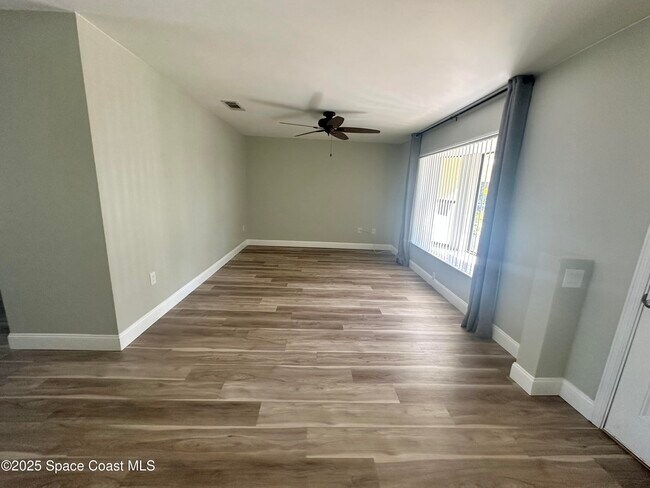 4140 Delespine Rd in Cocoa, FL - Building Photo - Building Photo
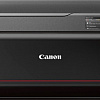 Фотопринтер Canon imagePROGRAF PRO-1000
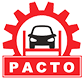 Ассоциация «РАСТО»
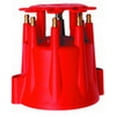 thumbnail image 2 of MSD 8565 Distributor Cap, 2 of 7
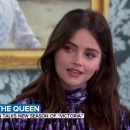 TODAYSHOW_JCBR0451.png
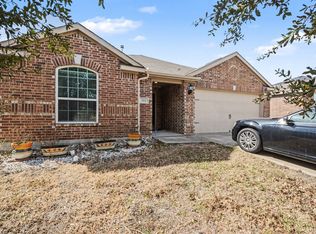 2113 Juniper Dr, Forney, TX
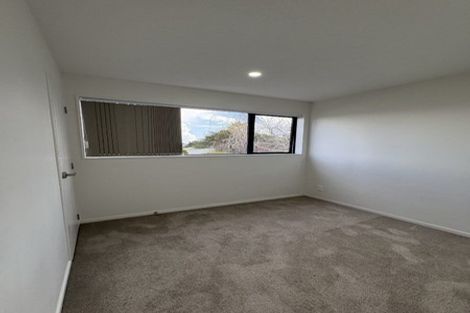 Photo of property in 7c Tairere Crescent, Rosehill, Papakura, 2113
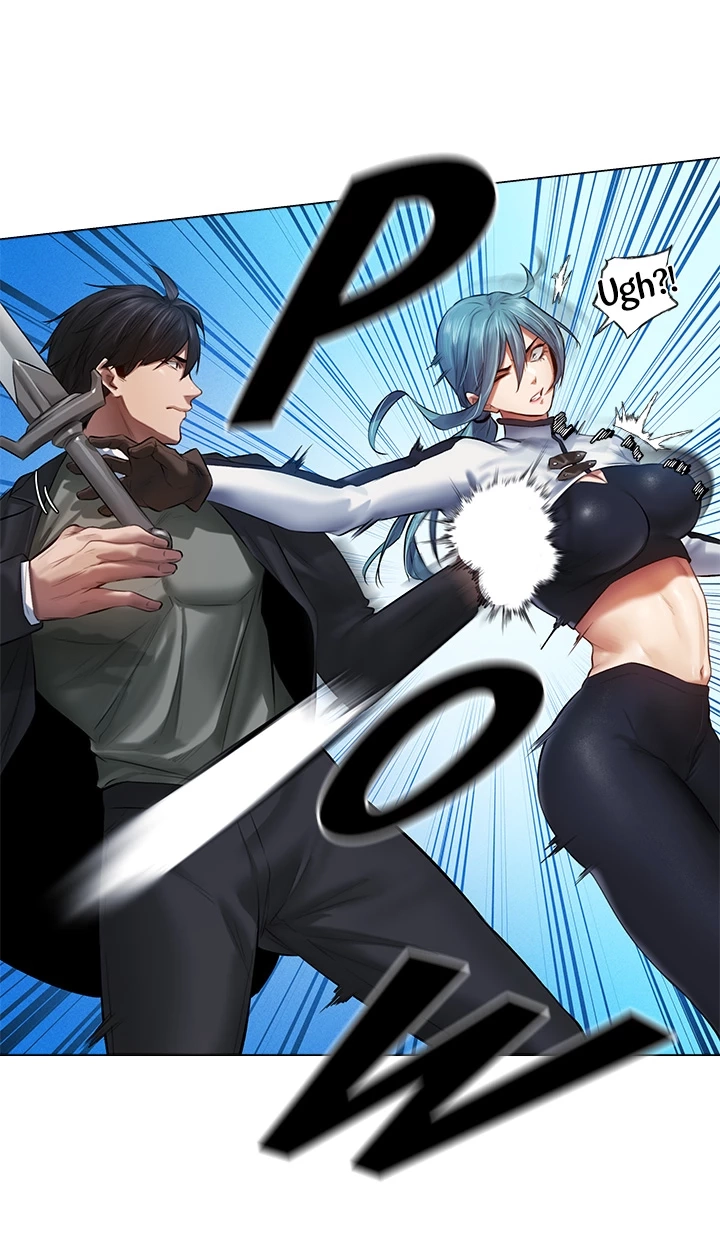 Milf Hunter In Another World Chapter 5 page 93 - 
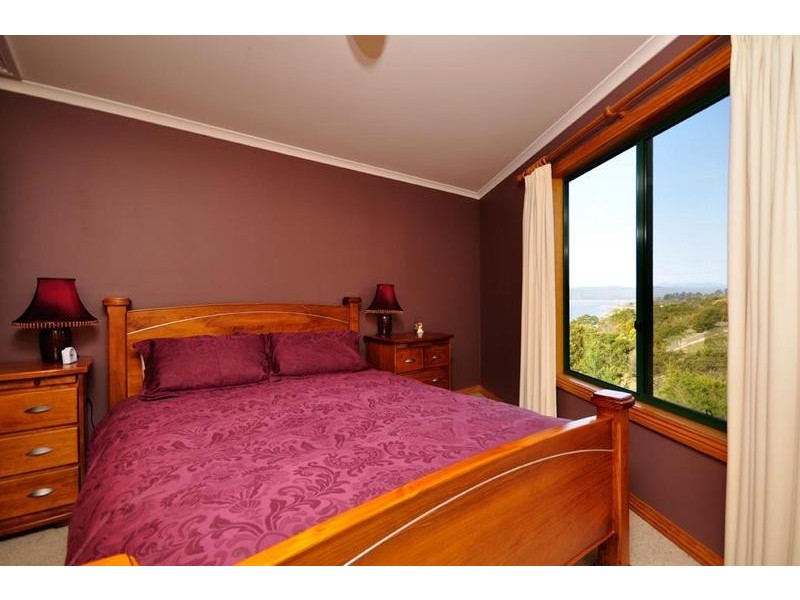 321 Rosevears Drive, Rosevears TAS 7277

ACTIVITY: Pictures aside, print every line of the material exactly.

OUTPUT BELOW:
 4140 Delespine Rd in Cocoa, FL - Building Photo - Building Photo
 Фотопринтер Canon imagePROGRAF PRO-1000
 Ассоциация «РАСТО»
 thumbnail image 2 of MSD 8565 Distributor Cap, 2 of 7
 TODAYSHOW_JCBR0451.png
 2113 Juniper Dr, Forney, TX
 Photo of property in 7c Tairere Crescent, Rosehill, Papakura, 2113
 Milf Hunter In Another World Chapter 5 page 93 - 
 321 Rosevears Drive, Rosevears TAS 7277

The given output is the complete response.